La place des produits animaux dans l’alimentation de demain ne fait pas encore consensus ; loin de là… Le sujet est complexe, les débats mêlant des connaissances scientifiques qui évoluent sans cesse et des considérations sociétales parfois d’ordre philosophique. Les Journées Francophones de nutrition (JFN), tenues à Lille du 10 au 12 novembre 2021, proposaient de faire un point à date sur le sujet au cours d’une table-ronde.
Protéines animales et alimentation durable
Premier intervenant à prendre la parole : Jean-Louis Peyraud, directeur de recherche à INRAE, avec une présentation intitulée « l’apport des protéines animales dans l’alimentation humaine en termes de durabilité ». « On reproche à l’élevage d’utiliser beaucoup de ressources, d’émettre des gaz à effet de serre (GES) et de contribuer à la déforestation via l’importation de tourteaux de soja pour l’alimentation animale.
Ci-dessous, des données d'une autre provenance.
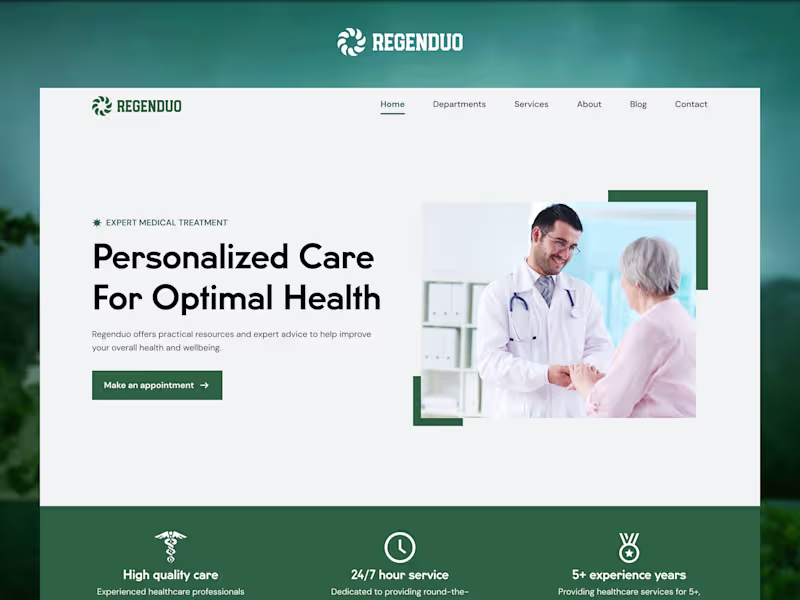 Cover image for Regenduo - Landing Page Design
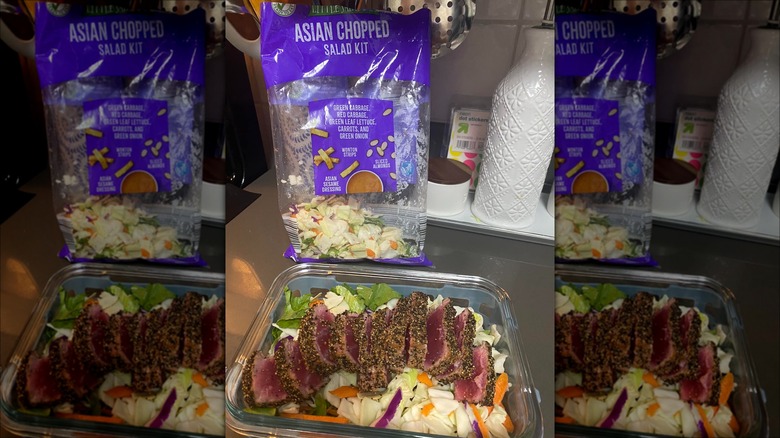 Little Salad Bar Asian Chopped Salad Kit with grilled Ahi tuna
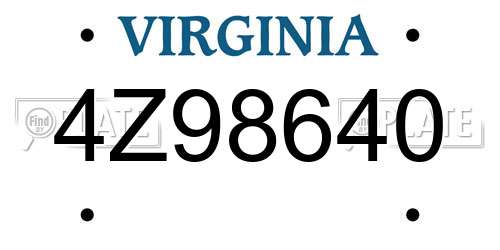 4Z98640 Virginia License Plate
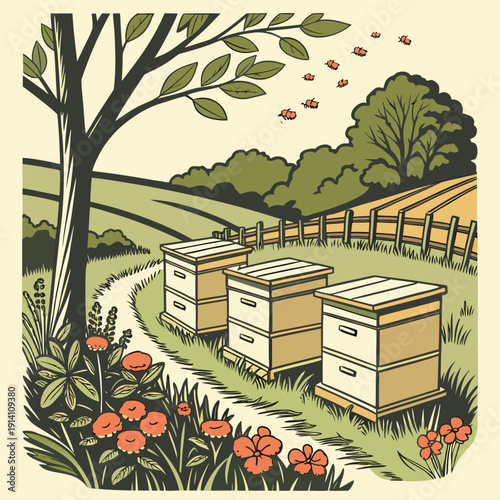 Traditional honey farm with beehives and flowers bees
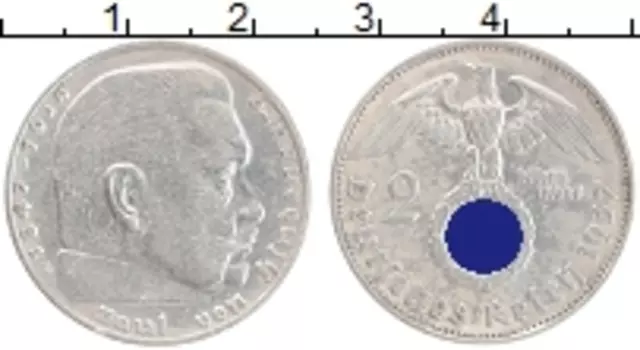 Монета 2 марки Третьего Рейха 1937 года Серебро Е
Mais la réalité est bien plus complexe que ça ! », rapporte ce spécialiste impliqué dans la réflexion sur l’avenir de l’élevage européen. Concernant le premier reproche, Jean-Louis Peyraud insiste sur la nécessité de bien différencier les ressources végétales consommables par l’homme de celles qui ne le sont pas. « On entend souvent qu’il faut 5 à 15 kg de protéines végétales pour produire 1 kg de protéines animales. Mais si on considère uniquement les protéines végétales consommables par l’Homme, on arrive plutôt à un ratio 1/1 », rapporte-t-il. Selon les filières, 50 à 95 % des aliments pour animaux ne sont, en effet, pas consommables par l’Homme : herbe des prairies permanentes, coproduits des cultures végétales… Cela est particulièrement vrai pour les ruminants, qui « digèrent d’abord de la cellulose, principal glucide produit par photosynthèse sur Terre et que nous, êtres humains, ne sommes pas capables de manger », rappelle Jean-Louis Peyraud. Quant à l’utilisation des surfaces, l’élevage produit certes moins de protéines à l’hectare que les cultures, mais seuls les ruminants permettent de valoriser certaines surfaces non cultivables, comme les prairies de montagne.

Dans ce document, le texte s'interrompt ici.